COLLECTED DATA:
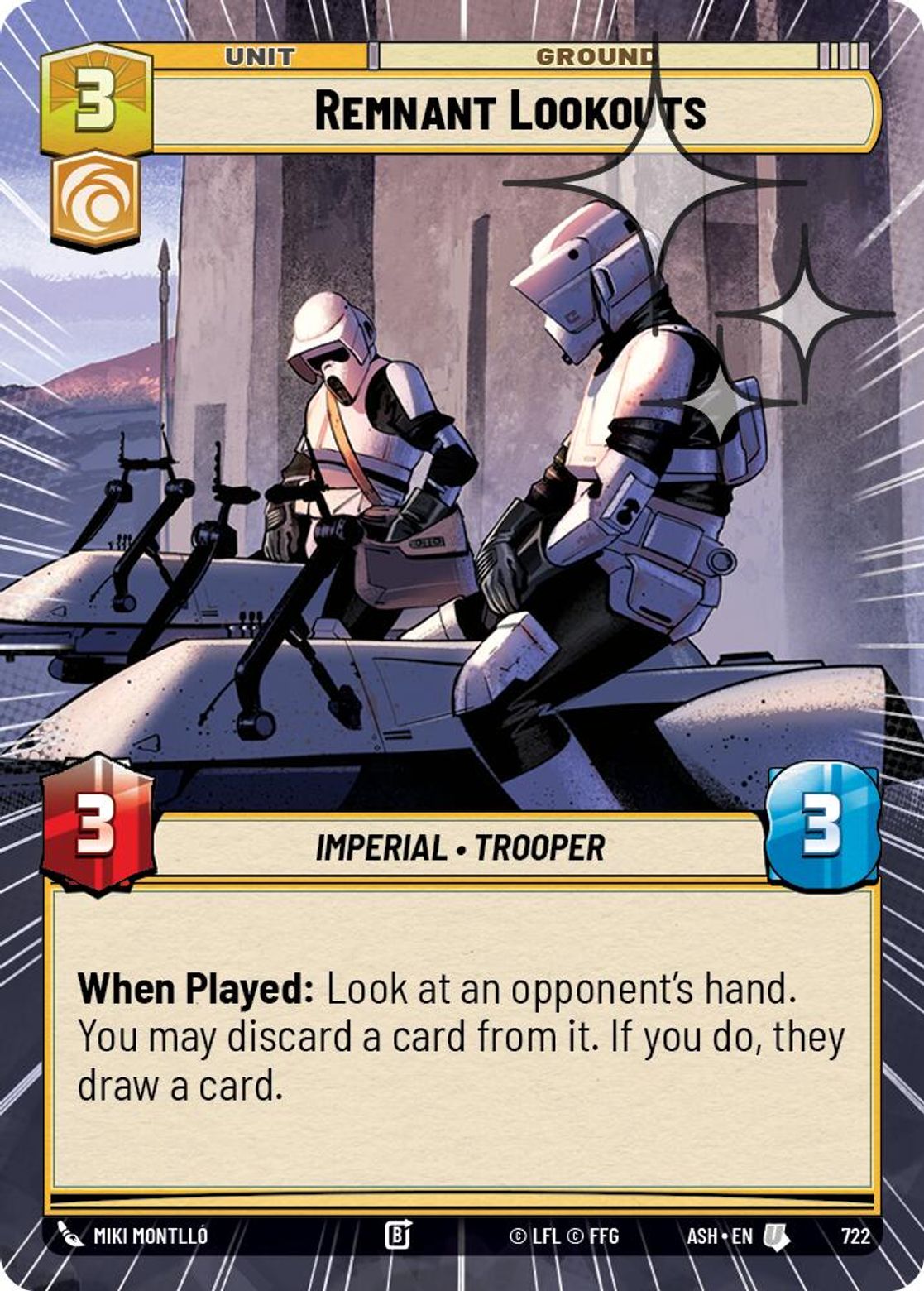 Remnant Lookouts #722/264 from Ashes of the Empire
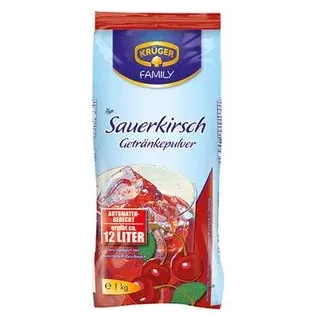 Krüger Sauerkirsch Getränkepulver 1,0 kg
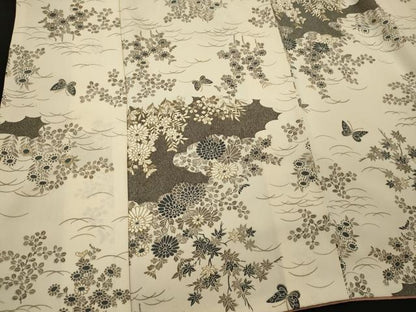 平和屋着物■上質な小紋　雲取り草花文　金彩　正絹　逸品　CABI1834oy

WHAT TO DO: Would you repeat the listing word for word and skip every picture?

ANSWER TO THIS PROBLEM:
 Remnant Lookouts #722/264 from Ashes of the Empire
 Krüger Sauerkirsch Getränkepulver 1,0 kg
 平和屋着物■上質な小紋　雲取り草花文　金彩　正絹　逸品　CABI1834oy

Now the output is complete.